Öyle bir milletiz ki!

Birkaç gün önce Cumhurbaşkanı Recep Tayyip Erdoğan, 'Zeytinyağı ithal edeceğiz' açıklaması yaptı.

Açıklamanın ardından tabiri caizse Türkiye'de yer yerinden oynadı.

Evet, Türkiye gibi uçsuz bucaksız verimli topraklara sahip bir ülkenin dışarıdan zeytinyağı ithal etmesi yersiz bir hareket olmakla birlikte, pek tabii eleştirilecekti. Bundan daha doğal bir şey olamazdı.

Kırmızı et ihtiyacını karşılamak için büyükbaş ithal edildiğinde de böyle düşünüyordum. Türkiye gibi bir ülke dışarıdan ne tarım ürünü (yetiştirilmesi mümkün olanlar) ne büyükbaş ne de küçükbaş hayvan ithal etmemeliydi.

***

Bu politikayı eleştirmekten öte gidemeyen biz vatandaşların bu durumu değiştirmek için ne yaptığını düşünmeden edemedim.

Aslında ne yaptığımız gayet açık ve netti!

Yüzlerce belki binlerce zeytin ağacının kesilip yerlerine yapılan villalardan, rezidanslardan veya apartmanlardan birer tane alabilmek için sıraya giren bizler değil miyiz?

Bugün hangimiz köyde yaşamak için can atıyor? 'Gidip çiftçilikle uğraşayım, zeytin çırpayım, buğday ekeyim' diyen kimse yokken, nasıl oluyor da tarım ürünü ithal etmeyi abes bulabiliyoruz?

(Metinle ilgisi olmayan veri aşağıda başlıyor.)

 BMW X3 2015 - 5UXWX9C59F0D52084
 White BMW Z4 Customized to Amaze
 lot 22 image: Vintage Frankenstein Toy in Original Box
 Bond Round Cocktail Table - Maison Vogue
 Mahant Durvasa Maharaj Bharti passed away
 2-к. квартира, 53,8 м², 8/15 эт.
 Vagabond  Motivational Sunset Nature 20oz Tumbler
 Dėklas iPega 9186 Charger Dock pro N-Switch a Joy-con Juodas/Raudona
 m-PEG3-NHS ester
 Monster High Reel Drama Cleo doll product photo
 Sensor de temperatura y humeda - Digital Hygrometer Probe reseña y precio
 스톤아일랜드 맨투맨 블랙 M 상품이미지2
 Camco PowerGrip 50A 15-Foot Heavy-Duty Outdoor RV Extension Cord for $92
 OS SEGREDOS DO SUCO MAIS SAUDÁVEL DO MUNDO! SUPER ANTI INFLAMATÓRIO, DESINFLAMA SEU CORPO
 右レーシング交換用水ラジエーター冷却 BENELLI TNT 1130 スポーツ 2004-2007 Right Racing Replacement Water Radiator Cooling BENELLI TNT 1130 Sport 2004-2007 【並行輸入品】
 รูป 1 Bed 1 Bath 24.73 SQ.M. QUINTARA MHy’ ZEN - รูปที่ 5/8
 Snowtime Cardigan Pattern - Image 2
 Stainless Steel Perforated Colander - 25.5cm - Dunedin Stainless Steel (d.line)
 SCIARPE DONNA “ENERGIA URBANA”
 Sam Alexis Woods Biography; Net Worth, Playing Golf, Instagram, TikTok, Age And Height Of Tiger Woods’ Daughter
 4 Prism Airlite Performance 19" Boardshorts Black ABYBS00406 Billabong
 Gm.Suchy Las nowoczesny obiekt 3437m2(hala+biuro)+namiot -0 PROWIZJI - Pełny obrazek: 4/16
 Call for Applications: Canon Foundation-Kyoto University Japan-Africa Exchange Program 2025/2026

Yine biz değil miyiz bir yerde tezek kokusu duyduğumuzda arabamıza atlayıp ardımıza bile bakmadan oradan uzaklaşan? Neden hayvan ihracatını eleştirebilme hakkını kendimizde bulabiliyoruz?

***

Babam kasap. Yardım için dükkana gittiğimde, özellikle son dönemlerde sıkça duyduğum birkaç cümle vardı. İnsanlar et fiyatlarından dem vuruyor, geçmişe dönük örnekler vererek zamanında evlerine poşet poşet et taşıyabildiklerini hatırlatıyordu.

Farkında mıyız bilmem ama geçmiş yıllarda ete verdiğimiz parayı artık cep telefonlarına, faturalarına, evlerimizdeki yüz bilmem kaç ekran LCD televizyonlarımızın taksitlerine, fiber hızda kullandığımız internetimize ve 2 menü sadece 24.99 TL diye ucuz bulduğumuz hamburgerlere veriyoruz.

Ee, cebimizde para kalmayınca et fiyatlarını pahalı bulmamız normal değil mi?

***

Köyde oturup domates, biber yetiştirip yoğurdumuzu kendimiz yapabilecekken şehirlere yerleşip asgari ücrete çalışmayı tercih edip, maaşının yarısını kiraya verdikten sonra hayat şartlarından dem vuran yine bizler değil miyiz?

Ekmek almaya bile arabayla gidip sonrasında spor salonlarına 'Yıllık abone oldum, daha ucuza geldi' diyerek çuvalla para bayılan yine bizleriz.

Verilecek örnek ve tezatlıklar böyle uzar gider. Zeytinyağıyla başladım yazımda bambaşka şeylere değinip biraz boyumdan büyük laflar etmiş olabilirim.

Sizleri kızdırdıysam affola...

Doğru söylediğimi düşünüyorsanız da ne mutlu bana.

Yeni yıl sizlere sağlık ve mutluluk getirsin.